> [THE DATA]
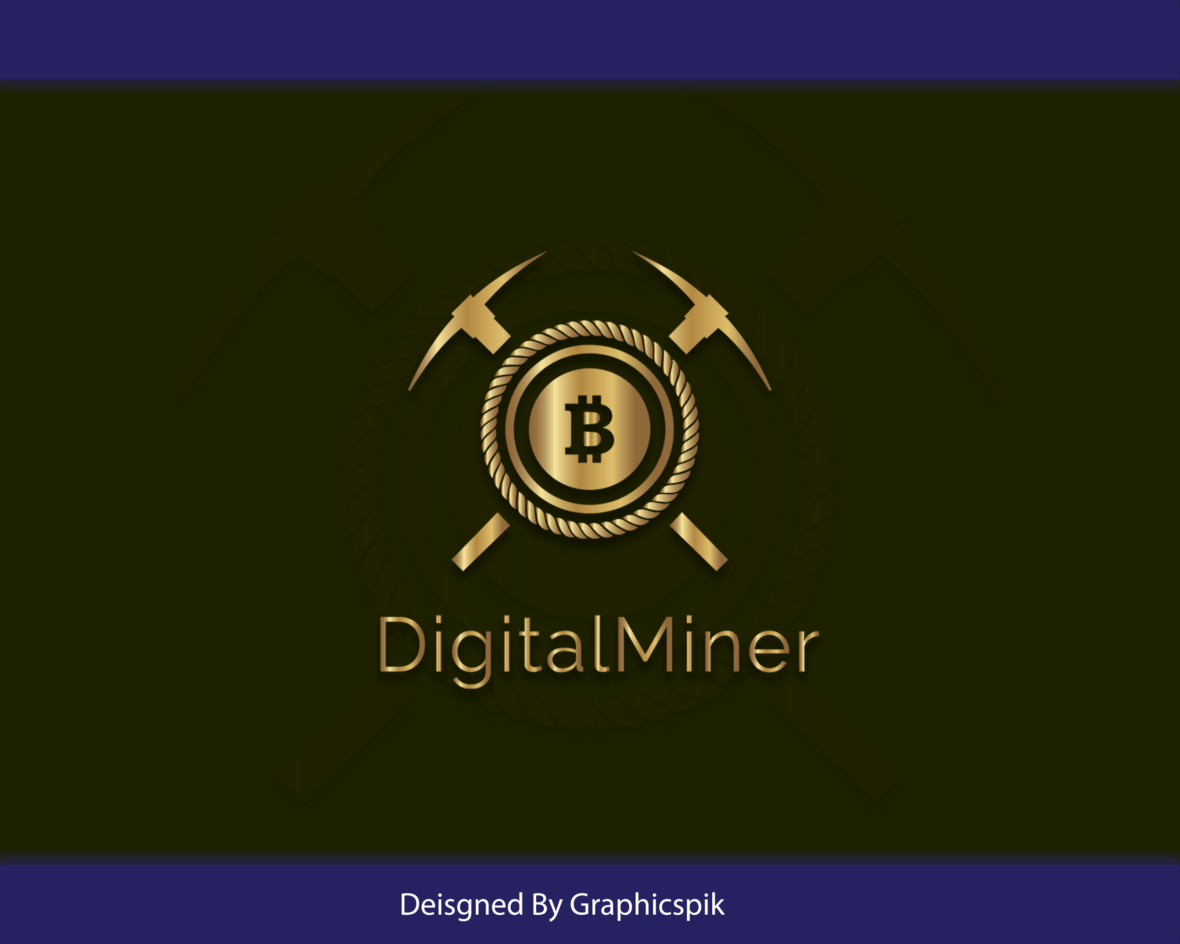 Digital Miner Logo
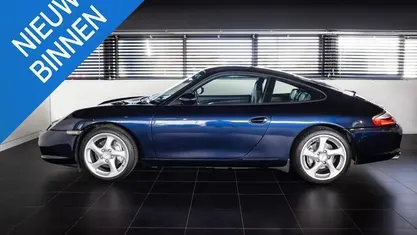 Occasion Porsche 911 Carrera 4 320 PK (235 kW) 2002 Coupé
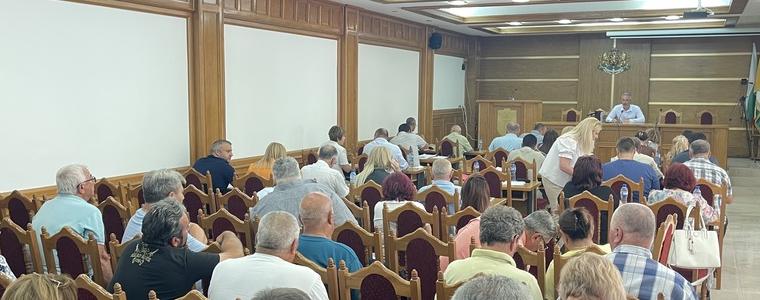 Добрички общински съвет ще заседава днес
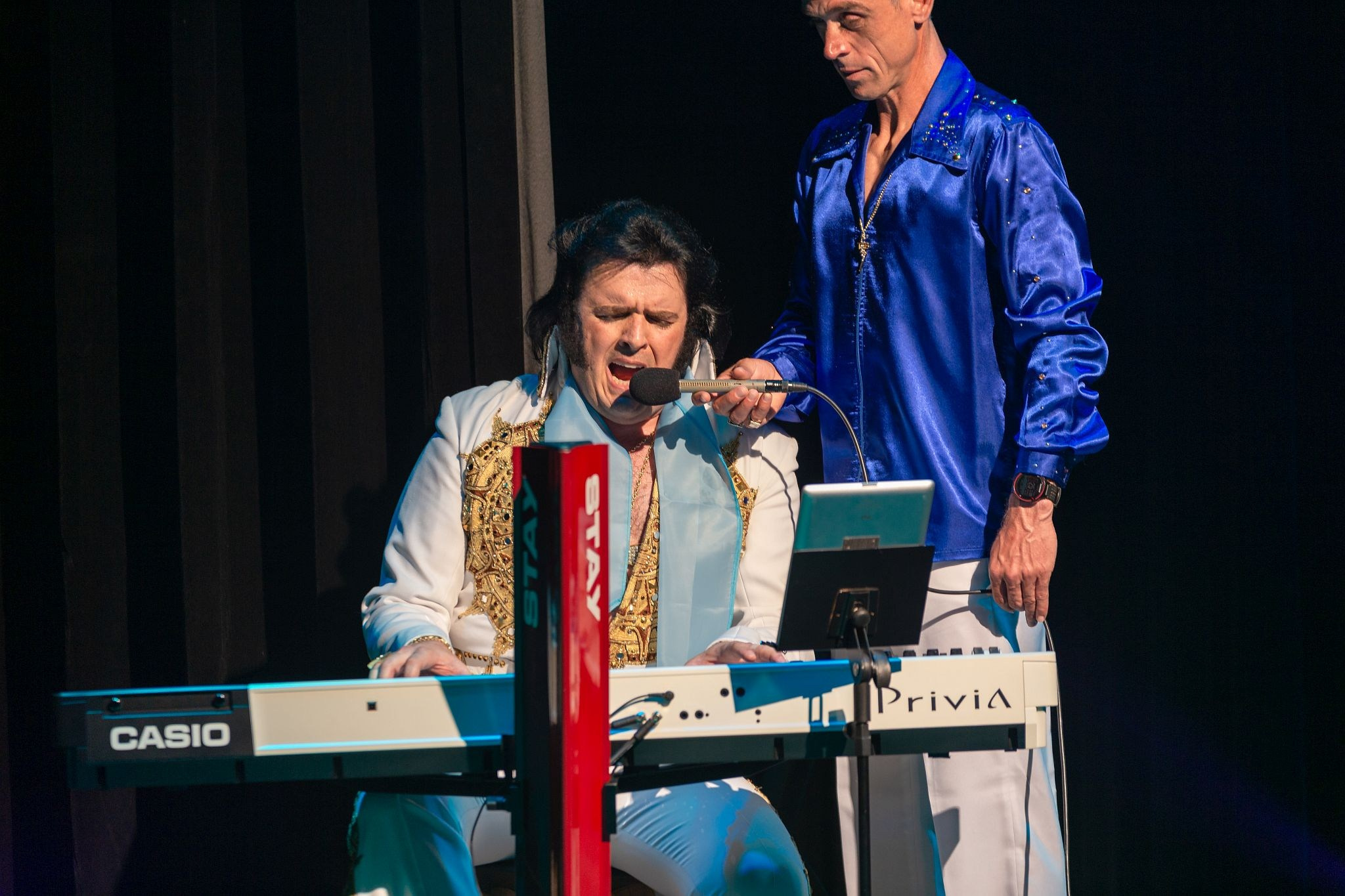 Elvinho — 09/10/2021. Luiz Medeiros Produções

> [EXERCISE PROMPT]
Leave every picture out and print exactly the lines from the one that contains "Добрички общински съвет ще заседава днес" through the last line of the material above.

> [RESPONSE AREA]
 Добрички общински съвет ще заседава днес
 Elvinho — 09/10/2021. Luiz Medeiros Produções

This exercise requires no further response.